Prospects for deterrence and assurance
The US’s apparent objectives in hosting Yoon’s state visit and issuing the Washington Declaration included: (1) to deter undesired North Korean actions and (2) to assure Seoul of the US commitment to protect it from Pyongyang’s threats. In terms of the ultimate objective of US deterrence against North Korea—convincing Pyongyang that the foreseeable losses of an attack against Seoul outweigh the gains—Washington may have made some progress in communicating credibility and resolve. The pact highlights ways in which Washington will increase the presence of combat-credible forces in the region. It also lays out in stark terms that “any nuclear attack by [North Korea] against [South Korea] will be met with a swift, overwhelming and decisive response.”
It is doubtful, however, whether the joint statement will have any effect in persuading Pyongyang to slow the development of its nuclear forces. The Washington Declaration’s single line expressing willingness to engage in diplomacy belies that fact that neither the US nor South Korea are currently on speaking terms with North Korea. Furthermore, the pact does not offer any incentives for North Korea to relinquish its nuclear capability, which Pyongyang sees as vital to ensuring the survival of the Kim regime.
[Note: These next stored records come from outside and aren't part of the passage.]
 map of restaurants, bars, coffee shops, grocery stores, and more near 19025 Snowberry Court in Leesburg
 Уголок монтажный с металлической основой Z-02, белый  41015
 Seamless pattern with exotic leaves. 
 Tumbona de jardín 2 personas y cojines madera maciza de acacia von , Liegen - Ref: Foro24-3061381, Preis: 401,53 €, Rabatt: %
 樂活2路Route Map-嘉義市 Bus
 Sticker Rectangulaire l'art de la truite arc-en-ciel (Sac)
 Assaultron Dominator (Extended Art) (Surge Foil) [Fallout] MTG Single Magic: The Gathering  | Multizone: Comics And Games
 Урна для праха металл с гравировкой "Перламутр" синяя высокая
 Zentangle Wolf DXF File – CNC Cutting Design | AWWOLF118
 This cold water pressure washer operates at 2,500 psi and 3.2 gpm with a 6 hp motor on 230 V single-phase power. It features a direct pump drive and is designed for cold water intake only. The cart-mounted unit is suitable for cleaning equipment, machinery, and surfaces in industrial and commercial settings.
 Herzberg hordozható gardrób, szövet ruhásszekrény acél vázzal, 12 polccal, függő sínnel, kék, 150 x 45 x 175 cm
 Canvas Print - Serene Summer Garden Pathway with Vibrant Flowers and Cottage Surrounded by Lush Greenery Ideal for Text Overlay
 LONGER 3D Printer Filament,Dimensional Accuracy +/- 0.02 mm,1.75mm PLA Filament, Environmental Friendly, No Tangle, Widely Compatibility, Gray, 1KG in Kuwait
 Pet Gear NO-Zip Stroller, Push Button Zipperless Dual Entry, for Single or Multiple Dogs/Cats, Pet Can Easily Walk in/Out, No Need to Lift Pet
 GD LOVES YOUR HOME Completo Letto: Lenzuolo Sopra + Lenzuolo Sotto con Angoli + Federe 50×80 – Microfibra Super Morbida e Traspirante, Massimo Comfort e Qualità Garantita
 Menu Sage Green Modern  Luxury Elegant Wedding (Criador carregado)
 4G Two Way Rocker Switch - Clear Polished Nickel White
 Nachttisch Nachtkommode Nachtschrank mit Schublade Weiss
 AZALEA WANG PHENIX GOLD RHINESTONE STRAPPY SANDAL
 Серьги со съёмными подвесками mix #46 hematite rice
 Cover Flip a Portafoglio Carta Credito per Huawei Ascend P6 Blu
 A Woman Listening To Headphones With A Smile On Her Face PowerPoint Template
The US should also not expect any help from the PRC, given Beijing’s immediate response to the Washington Declaration. Although the PRC has long encouraged multilateral talks on the Korean Peninsula nuclear issue, it has refrained from exerting political or economic pressure on Pyongyang that would force it to abandon its nuclear weapons program. Moreover, the PRC is probably in a less than cooperative mood as it perceives Seoul slipping into a closer strategic orbit with the US that is antithetical to Beijing’s interests. In an interview with Reuters days before his state visit to the US, Yoon called the situation between the PRC and Taiwan a “global issue.” The Biden-Yoon Leaders’ Joint Statement identified “the importance of preserving peace and stability in the Taiwan Strait as an indispensable element of security and prosperity in the region.” China’s Foreign Ministry condemned these respective statements, emphasizing that the “Taiwan question” is the “core of China’s core interests” and calling on Seoul to “avoid going further down the wrong and dangerous path.”
Where the Washington Declaration potentially stands to make the greatest gains is in reassuring the South Korean government and public of the US commitment to its ally’s defense. The initial reaction in South Korea shows that this will not be smooth sailing, and the crux now will be implementation. Washington will need to follow through on the measures outlined in the declaration and clearly communicate to Seoul—in public and in private—the benefits of the new nuclear cooperation mechanisms and the presence of strategic assets around the peninsula. It will also need to show that dealing militarily with North Korea remains a priority even as the US Department of Defense focuses its greatest attention on the “pacing challenge” of the PRC.